Lovely we don't have wool in our store here grrrrrrr


----------



## evelynetricot (Jun 19, 2015)

I love your colors.
this will be so fresh for winter !
thanks for sharing the pattern instructions


----------



## kestrelz (Nov 29, 2011)

colorful!


----------



## GrammaAnn (Dec 16, 2011)

Marg, That is so cute!! :sm24:


----------



## dancewithmarg (Oct 2, 2012)

judymiss said:


> Love your colorful hat!! What does card 3 look like? Thanks!


xxx0xxx0xxx0xxx0xxx0xxx0
xxx0xxx0xxx0xxx0xxx0xxx0
xxx0xxx0xxx0xxx0xxx0xxx0
xxx0xxx0xxx0xxx0xxx0xxx0
xxx0xxx0xxx0xxx0xxx0xxx0
x0xxx0xxx0xxx0xxx0xxx0xx
x0xxx0xxx0xxx0xxx0xxx0xx
x0xxx0xxx0xxx0xxx0xxx0xx
x0xxx0xxx0xxx0xxx0xxx0xx
repeat these 8 rows
x = punch hole


----------



## GrammaAnn (Dec 16, 2011)

Is this tuck, slip or fair isle? I saw a similar one one time that was slip stitch :sm01:


----------



## dancewithmarg (Oct 2, 2012)

GrammaAnn said:


> Is this tuck, slip or fair isle? I saw a similar one one time that was slip stitch :sm01:


Oh yes, forgot to mention - main body of hat is done in tuck stitch both ways.

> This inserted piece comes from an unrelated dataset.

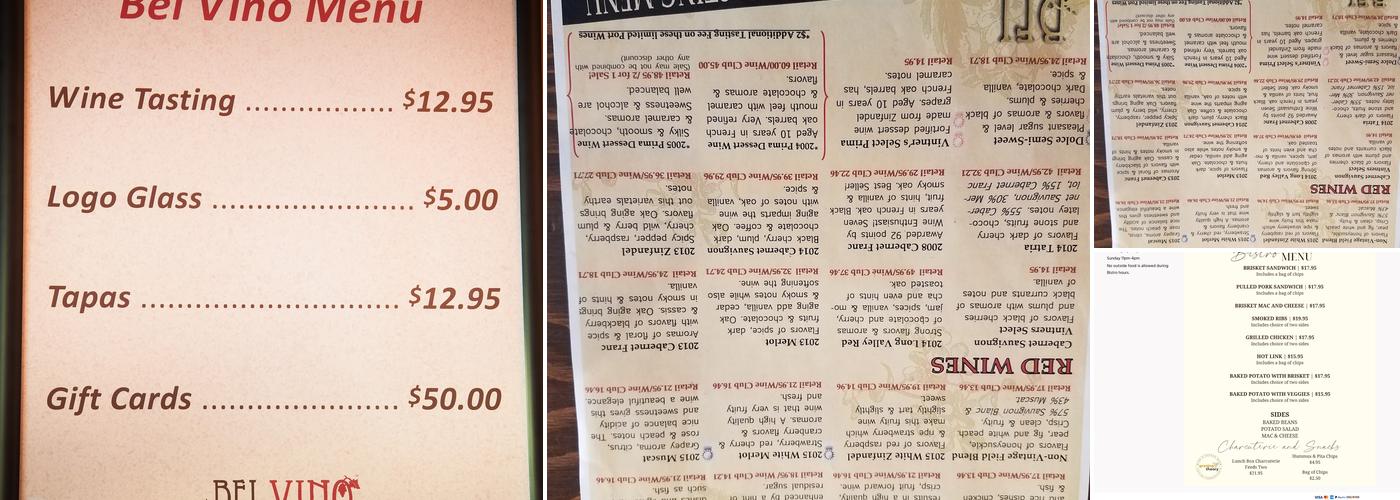 Bel Vino Winery Menu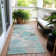 Machine Washable Indoor/Outdoor Claudian ACN1558 Teal Rug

Thanks for reminding me Ann 

Marg


----------



## judymiss (Jun 26, 2011)

Marg, thanks for the description and picture of card 3 and the technique. Judy


----------



## randiejg (Oct 29, 2011)

Nice colors (really is neon). The hat turned out great.


----------



## dagmargrubaugh (May 10, 2011)

I just got a couple of skeins of this yarn at WalMart. We'll see how it works out.
Thanks again for sharing the technique,


----------



## 30Knitter (Apr 9, 2012)

Your hat turned out great!


----------



## kathydummer (Feb 12, 2014)

Marg, 
thank you for sharing that it is tuck. I didn't know and hated to ask as I thought it was a dumb question and everyone else knew just by looking at the picture. 
Kathy


----------



## etrnlife (Jun 10, 2014)

kathydummer said:


> Marg,
> thank you for sharing that it is tuck. I didn't know and hated to ask as I thought it was a dumb question and everyone else knew just by looking at the picture.
> Kathy


The only dumb question is the one not asked.  I don't always know what technique was used to produce what stitch.


----------